A Bosch, que fala de uma “Economia de Tudo”, exemplifica com um carro que paga sozinho pelo estacionamento, mas há outras áreas em que a Economia das Coisas (EoT, na sigla inglesa) demonstra potencial. Num relatório sobre o tema, a Bosch defende que estes princípios podem ser transferidos do automóvel para a indústria da manufatura, sector energético e mercados de consumo. “Em princípio, as interações podem ser entre toda e qualquer coisa”, indica a pesquisa da multinacional.
O que é preciso é começar nalgum lado e o melhor ponto de partida, argumentou Agata Slater na conferência, é uma combinação entre tecnologias inovadoras de Inteligência Artificial, Internet das Coisas e blockchain. É isso que diferencia este momento: nunca foi possível fazer tanto com ferramentas tão acessíveis.
Quais foram os destaques da sua apresentação na conferência e as mensagens que quis transmitir à audiência?
Falei da influência que as tecnologias inovadoras têm umas sobre as outras.

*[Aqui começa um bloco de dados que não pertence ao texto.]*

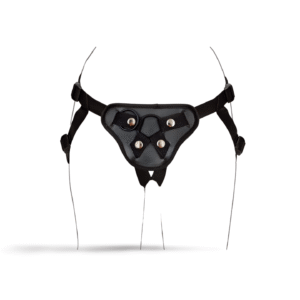 Adjustable Strap-On Harness – Black, Strong & Comfortable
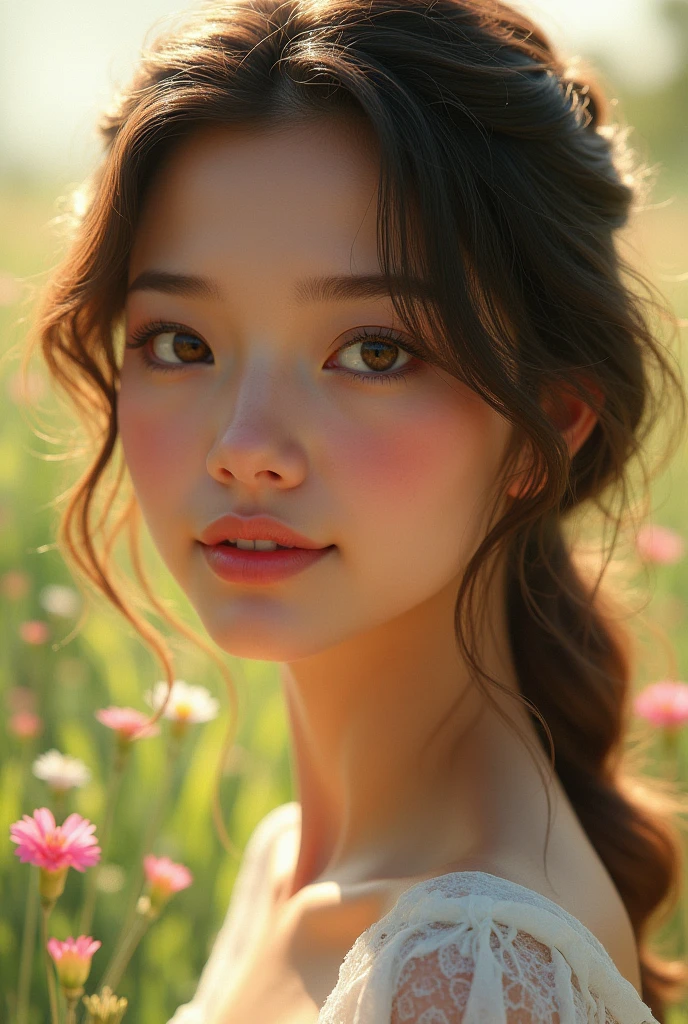 Make a pretty girl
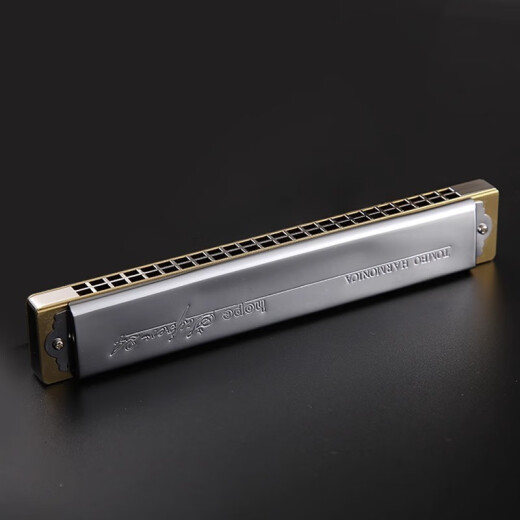 
Tongbao (TOMBO) harmonica 6624S collection copper grid 24-hole polyphonic harmonica C tune beginners professional playing harmonica 24-hole polyphonic#C tune
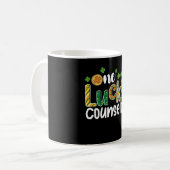 Mug Une école de conseiller chanceux la Saint-Patrick (Devant gauche)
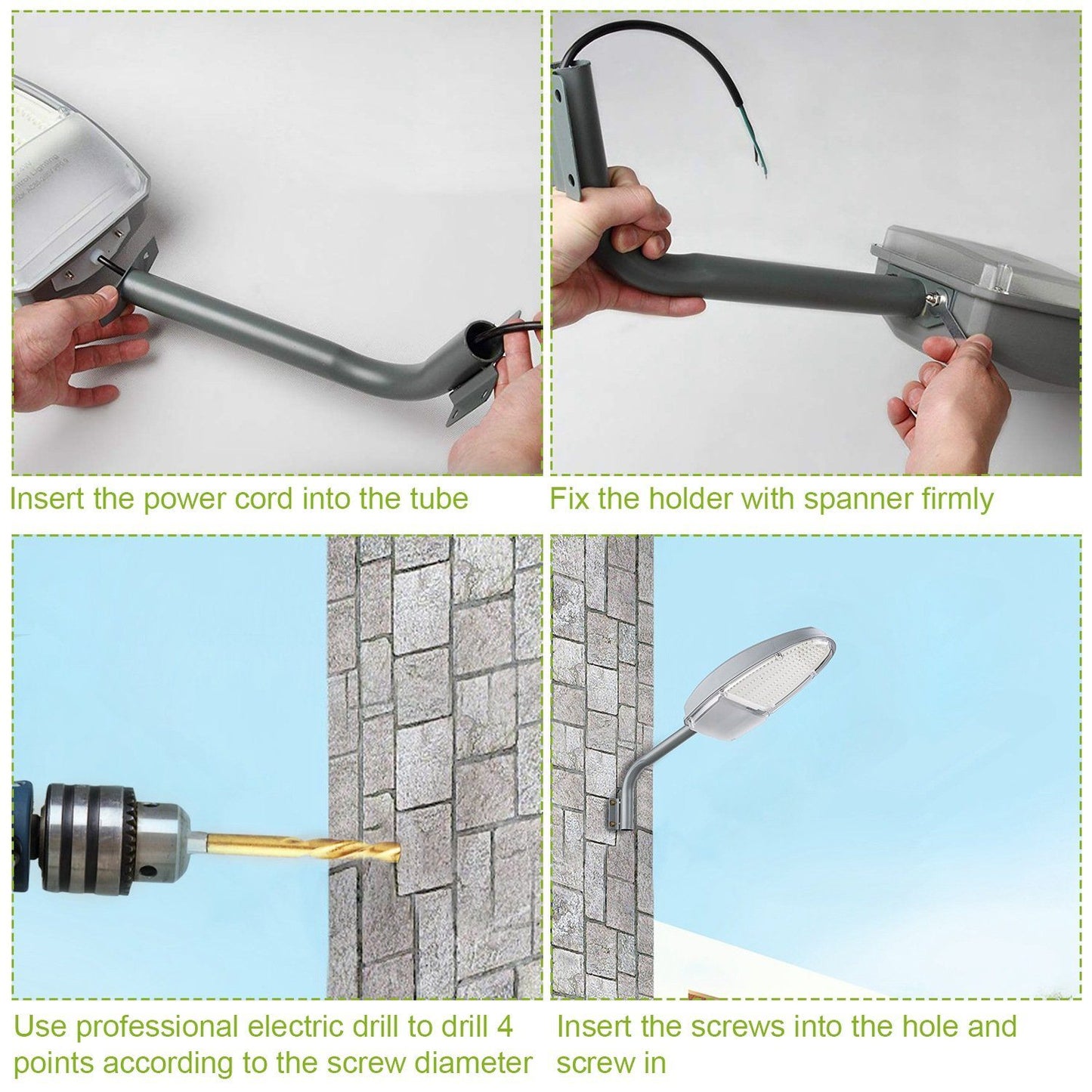 Skorter | Wall-mounted LED lamps 144LEDs Photo cell sensor street lighting IP65 waterproof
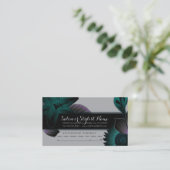 ヴィンテージの花のアポイントメントのアラーム 予約カード (スタンド正面)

Estamos a ouvir falar bastante de tecnologias diferentes de forma individual, há um ‘hype’ significativo à medida que estas tecnologias entram no mercado, mas o que muita gente esquece é que elas resolvem parte de um dado problema. Quando são combinadas, o seu impacto é ainda maior.
Referi especificamente a IoT [Internet das Coisas], IA [Inteligência Artificial] e o blockchain, porque acredito que há uma sinergia muito forte entre estas tecnologias. Vamos ver o seu impacto a crescer, em especial no impulso à digitalização em muitas indústrias.
Dei exemplos de como estas tecnologias podem trabalhar juntas em situações reais para resolver problemas da vida real e quais são as regras em torno da implementação destas tecnologias.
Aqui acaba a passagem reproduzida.